A little over a decade ago, studies of ape language seemed to have been
discredited in respectable intellectual circles. Half-a-dozen projects,
in which individual chimpanzees had been taught various forms of sign language,
were summarily dismissed by some scholars as irrelevant to their ultimate
goal – an understanding of the evolution of human language.

For instance, in March 1980, Herbert Terrace, a psychologist at Columbia
University, New York, stated in a landmark paper in Science that the apes
were doing little more than mimicking their instructors, a skill that, in
different ways, rats and pigeons acquire with ease. The apes displayed no
sense of grammatical structure in their use of symbols, he said. Later the
same year, Thomas Sebeok, a linguist at Indiana University, went so far
as to suggest at a major conference in New York that ape-language researchers
were, at best, victims of self-delusion or, at worst, perpetrators of outright
fraud. As a result of these assaults, funding for ape-language studies virtually
dried up. Many journals, including Science, subsequently refused to publish
what little research was being written up.

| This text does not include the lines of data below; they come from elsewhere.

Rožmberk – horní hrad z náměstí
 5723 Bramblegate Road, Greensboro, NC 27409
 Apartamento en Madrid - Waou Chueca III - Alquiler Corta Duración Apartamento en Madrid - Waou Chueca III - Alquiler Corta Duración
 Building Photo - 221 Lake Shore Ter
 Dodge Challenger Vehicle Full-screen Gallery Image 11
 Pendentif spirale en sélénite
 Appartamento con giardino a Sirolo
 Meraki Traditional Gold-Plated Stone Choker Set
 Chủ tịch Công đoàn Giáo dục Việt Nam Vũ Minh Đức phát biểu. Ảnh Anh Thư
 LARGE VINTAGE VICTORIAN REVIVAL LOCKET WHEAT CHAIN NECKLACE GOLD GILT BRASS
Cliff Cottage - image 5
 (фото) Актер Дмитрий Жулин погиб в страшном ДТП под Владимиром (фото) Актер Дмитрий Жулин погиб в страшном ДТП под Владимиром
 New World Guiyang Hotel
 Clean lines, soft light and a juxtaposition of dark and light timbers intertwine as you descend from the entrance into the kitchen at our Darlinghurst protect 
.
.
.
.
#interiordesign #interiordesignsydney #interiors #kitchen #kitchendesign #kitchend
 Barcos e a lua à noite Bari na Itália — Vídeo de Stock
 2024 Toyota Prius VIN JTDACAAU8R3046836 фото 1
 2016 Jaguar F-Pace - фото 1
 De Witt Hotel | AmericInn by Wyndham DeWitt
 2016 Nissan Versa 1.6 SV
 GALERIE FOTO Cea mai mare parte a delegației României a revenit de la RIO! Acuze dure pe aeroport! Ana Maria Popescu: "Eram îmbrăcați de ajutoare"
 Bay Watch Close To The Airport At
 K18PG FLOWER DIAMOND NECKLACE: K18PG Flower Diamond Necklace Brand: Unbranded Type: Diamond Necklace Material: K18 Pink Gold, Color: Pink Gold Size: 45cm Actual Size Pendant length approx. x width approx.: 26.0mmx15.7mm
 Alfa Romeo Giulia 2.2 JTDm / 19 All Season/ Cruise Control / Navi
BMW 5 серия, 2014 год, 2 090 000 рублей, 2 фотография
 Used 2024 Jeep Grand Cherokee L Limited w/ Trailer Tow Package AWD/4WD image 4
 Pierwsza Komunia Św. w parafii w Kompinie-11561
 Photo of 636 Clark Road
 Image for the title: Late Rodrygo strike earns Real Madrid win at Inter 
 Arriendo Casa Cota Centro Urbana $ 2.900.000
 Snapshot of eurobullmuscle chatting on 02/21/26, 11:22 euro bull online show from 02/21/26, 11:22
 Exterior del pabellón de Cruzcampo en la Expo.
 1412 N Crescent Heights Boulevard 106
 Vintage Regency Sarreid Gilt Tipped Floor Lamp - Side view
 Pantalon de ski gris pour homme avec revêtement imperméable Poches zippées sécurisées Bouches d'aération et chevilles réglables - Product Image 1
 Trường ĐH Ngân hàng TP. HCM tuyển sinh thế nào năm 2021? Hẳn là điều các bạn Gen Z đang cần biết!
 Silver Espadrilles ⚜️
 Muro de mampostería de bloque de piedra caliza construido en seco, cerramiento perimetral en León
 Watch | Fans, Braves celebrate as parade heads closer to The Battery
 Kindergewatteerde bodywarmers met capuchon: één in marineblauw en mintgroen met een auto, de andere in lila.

In one of those nice accidents of history, 1980 also saw the birth of
a pygmy chimpanzee called Kanzi, whose activi-ties were destined to force
a re-evaluation of language abilities in apes and challenge the new Terrace/Sebeok
position. Kanzi lives with Panzee and Panbanisha at the Language Research
Center in Atlanta, part of Georgia State University. Not only is he said
to approach some of the key criteria of grammatical rules in his use of
‘words’ on a lexigram, but he is also able to comprehend complex spoken
sentences, a first in ape-language studies. Sue Savage-Rumbaugh, Kanzi’s
guardian at the Language Research Center, last summer described her charge’s
accomplishments at a Wenner-Gren Foundation meeting in Portugal. Participants
were impressed. ‘There was a consensus that the new data on chimpanzees
. . . go even further than previous ape studies in making us question the
nature of human uniqueness,’ says Iain Davidson of the University of New
England, Australia.

There has long been an interest in the origin of human language. Scottish
kings and Egyptian pharaohs are said to have kept infants locked up in isolation,
with the expectation that their untutored tongues would give a clue to the
nature of the first language humans ever uttered. The origin of language
eventually emerged as a subject for respectable academic study. But a dichotomy
of views has had an important influence on the conduct and perception of
ape-language studies. On one hand, there is the continuity school, which
views human language as part of a cognitive continuum, rooted in our ape-like
ancestors. Opposing this view is the discontinuity school, for which language
is a uniquely human trait with no direct evolutionary connection to ape
brains.

Ape-language studies, which began in earnest in the 1960s, were anchored
in the first of these two schools. By seeking to demonstrate in apes the
existence of some of the elements of human language, such as the use of
various kinds of symbols within a grammatical structure, researchers hoped
to reveal the ‘cognitive substrate’ of human language in our close relatives.
To those in the discontinuity school, the most prominent of whom was Noam
Chomsky, ape-language researchers were searching for something that did
not exist. If language is a uniquely human trait, then no semblance of it
could be discovered in apes, because none is present, they argued. Claims
to have demonstrated any kind of continuity therefore must be illusory.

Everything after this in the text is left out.